Handle lz4 compression #30

Hind-M · 2025-10-07T08:05:32Z

Only handling lz4 codec for now (zstd will be handled in a next PR).

codecov-commenter · 2025-10-08T12:08:54Z

⚠️ Please install the to ensure uploads and comments are reliably processed by Codecov.

Codecov Report

❌ Patch coverage is 86.56126% with 34 lines in your changes missing coverage. Please review.
⚠️ Please upload report for BASE (main@dae8209). Learn more about missing BASE report.

Files with missing lines	Patch %	Lines
src/compression.cpp	85.50%	10 Missing ⚠️
src/arrow_interface/arrow_array.cpp	63.15%	7 Missing ⚠️
src/deserialize_fixedsizebinary_array.cpp	0.00%	6 Missing ⚠️
...row_ipc/deserialize_variable_size_binary_array.hpp	70.58%	5 Missing ⚠️
src/deserialize_utils.cpp	84.21%	3 Missing ⚠️
src/serialize_utils.cpp	95.00%	2 Missing ⚠️
include/sparrow_ipc/chunk_memory_serializer.hpp	66.66%	1 Missing ⚠️
❗ Your organization needs to install the Codecov GitHub app to enable full functionality.

Additional details and impacted files

@@           Coverage Diff           @@
##             main      #30   +/-   ##
=======================================
  Coverage        ?   76.96%           
=======================================
  Files           ?       32           
  Lines           ?     1502           
  Branches        ?        0           
=======================================
  Hits            ?     1156           
  Misses          ?      346           
  Partials        ?        0

Flag	Coverage Δ
unittests	`76.96% <86.56%> (?)`

Flags with carried forward coverage won't be shown. Click here to find out more.

☔ View full report in Codecov by Sentry.
📢 Have feedback on the report? Share it here.

🚀 New features to boost your workflow:

❄️ Test Analytics: Detect flaky tests, report on failures, and find test suite problems.

Hind-M · 2025-10-16T12:04:25Z

There are still a few things missing and some room for improvement, but I suggest merging this ASAP to avoid further conflicts (I just resolved the ones after merging #29 and had to rework the compression in the serialization part. For now, this PR is just to get something working).
I'll address the TODO items in a follow-up PR. Any comments or reviews regarding design choices can be noted, but they will be addressed in the next PRs.

Alex-PLACET · 2025-10-16T12:44:26Z

CAn you add tests which only test the compression/decompression of a buffer ?

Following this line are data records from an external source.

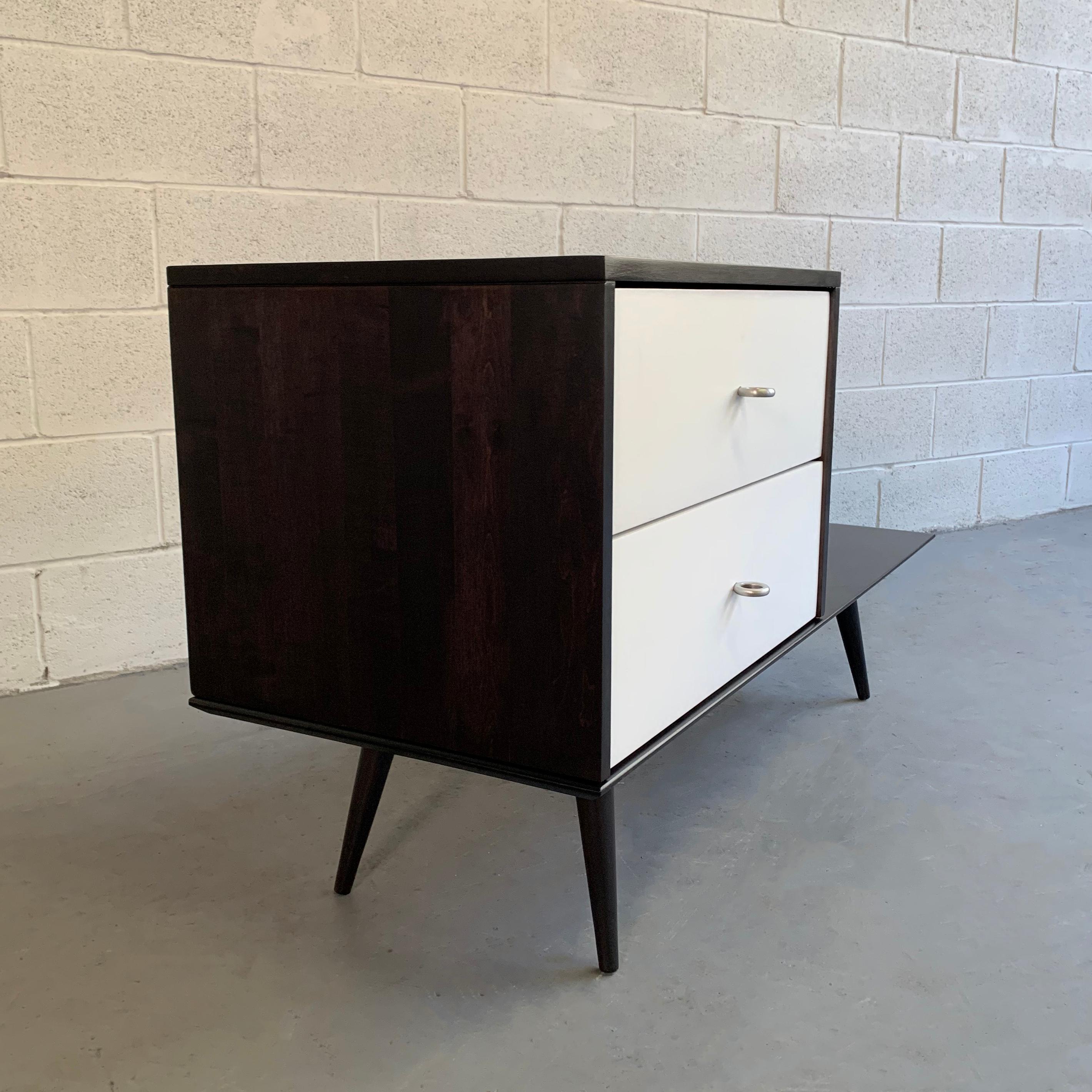Brass Paul McCobb Planner Group Winchendon Lacquered Maple Modular Dresser Unit For Sale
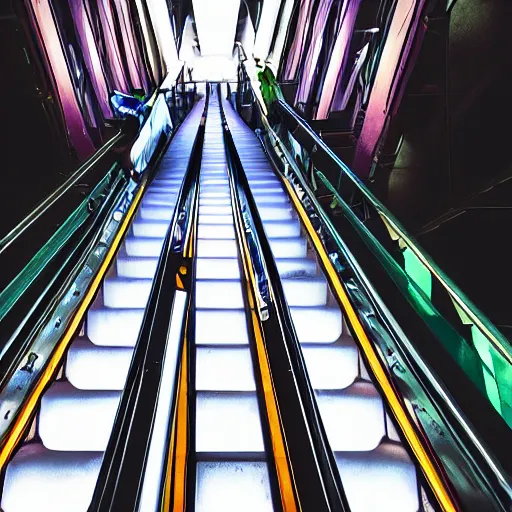 Image similar to cyberpunk escalator, panels, neon, cables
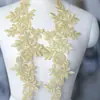 Accesorios para vestidos de novia, ribetes de encaje rojos, blancos, negros y azules, materiales, parches de flores bordadas, aplicaciones florales, aplicaciones de tela.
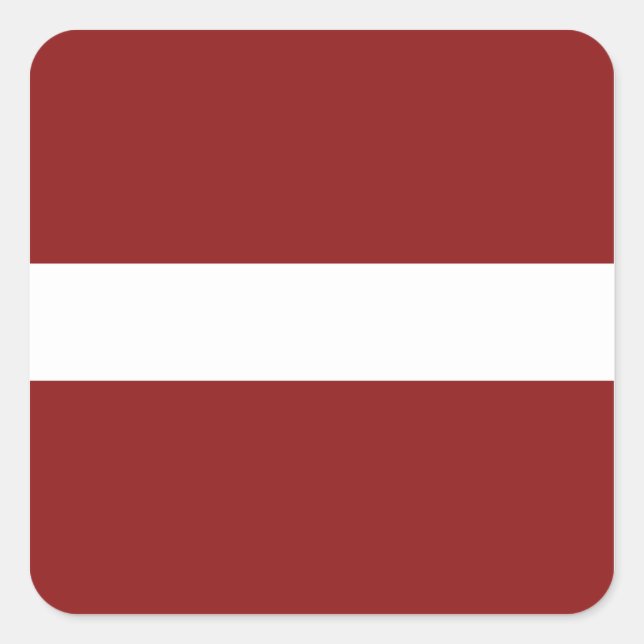 Lettische Flaggenmarke Quadratischer Aufkleber (Vorderseite)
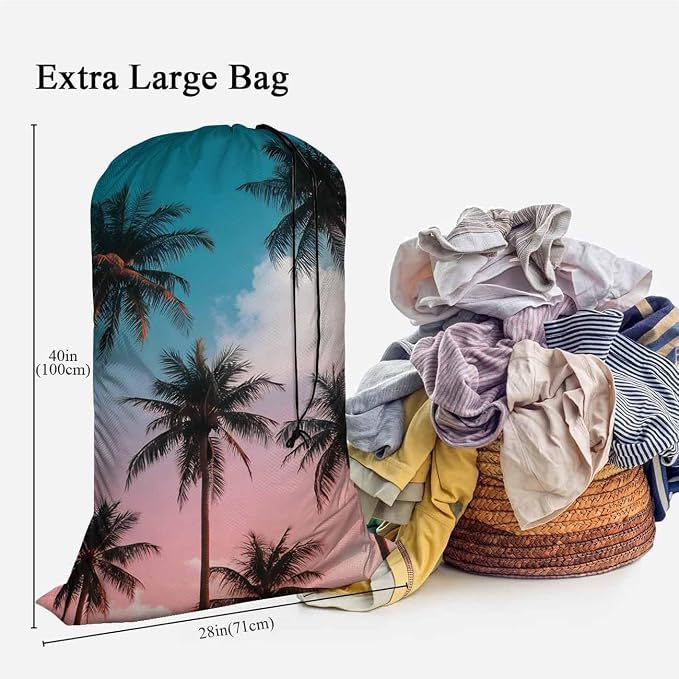 Swono Palm Trees Drawstring Portable Large Capacity Laundry Bags Sunny Day - Image 3
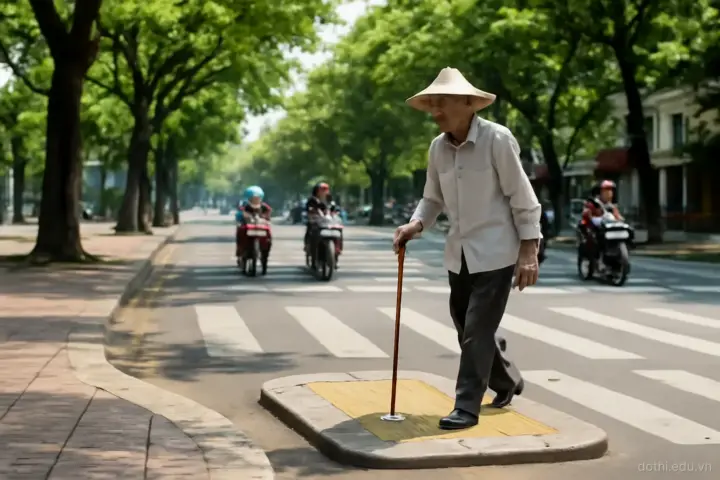 Thiết kế cho người đi bộ: vỉa hè ba dải, bán kính bó vỉa và quãng sang đường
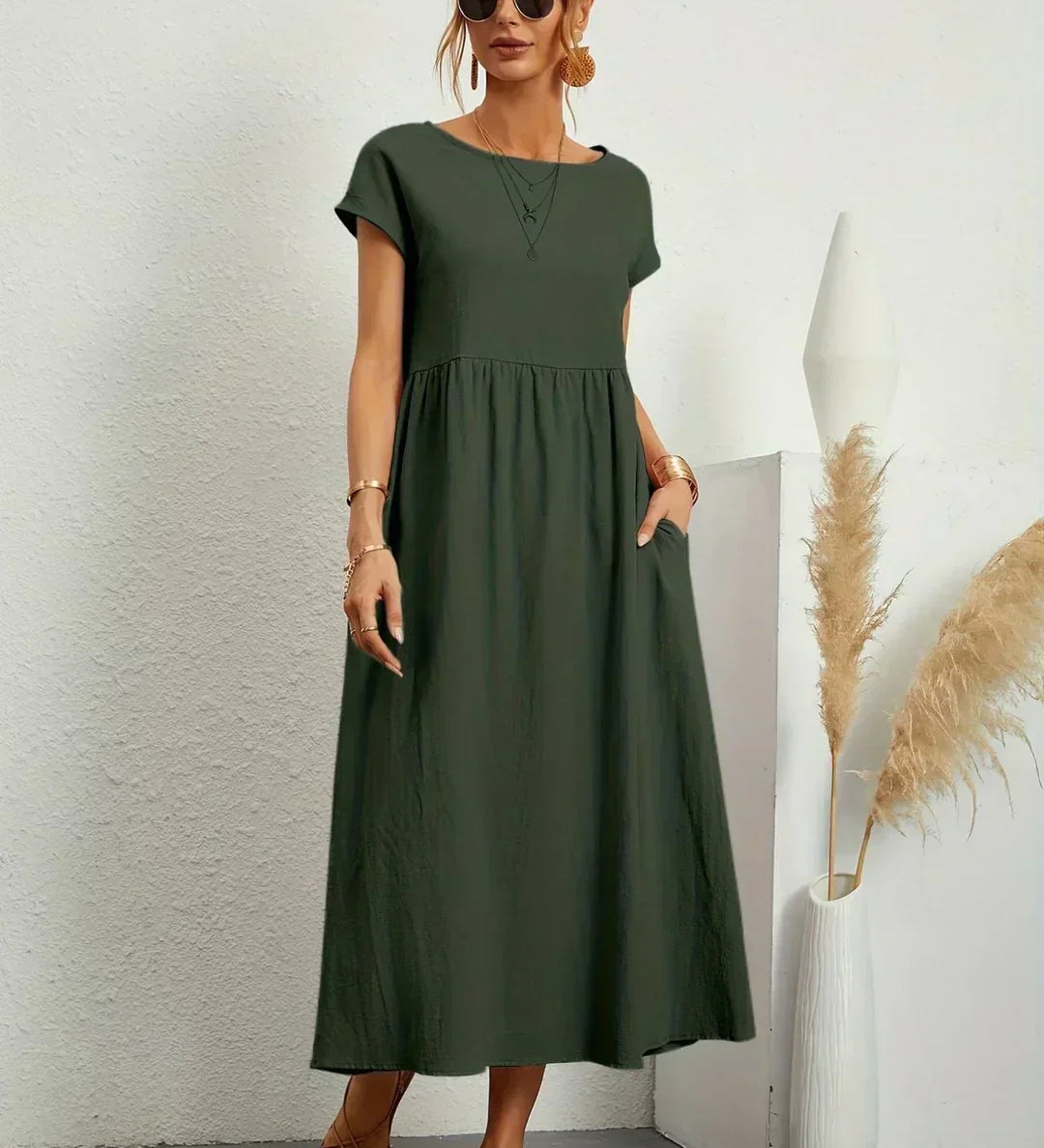 Ursina™ | Vestido Midi Fluido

Alex-PLACET · 2025-10-16T12:25:14Z

include/sparrow_ipc/chunk_memory_serializer.hpp

+         * @param compression Optional: The compression type to use for record batch bodies.
         */
-        chunk_serializer(chunked_memory_output_stream<std::vector<std::vector<uint8_t>>>& stream);
+        chunk_serializer(chunked_memory_output_stream<std::vector<std::vector<uint8_t>>>& stream, std::optional<org::apache::arrow::flatbuf::CompressionType> compression = std::nullopt);


Create a sparrow-ipc enum to keep public signatures free from flatbuffers

This will be done in a follow-up PR (added a TODO for now).

src/compression.cpp

include/sparrow_ipc/deserialize_variable_size_binary_array.hpp

include/sparrow_ipc/chunk_memory_serializer.hpp

src/serialize.cpp

Alex-PLACET · 2025-10-16T13:14:25Z

src/serialize_utils.cpp

+        if (compression.has_value())
+        {
+            // If compressed, the body size is the sum of compressed buffer sizes + original size prefixes + padding
+            auto [compressed_body, compressed_buffers] = generate_compressed_body_and_buffers(record_batch, compression.value());


We don't want to compress the data to do the calculation of the size of the message.
I saw that LZ4F_compressFrameBound can give the maximum size of the compressed buffer. It think this should be used instead.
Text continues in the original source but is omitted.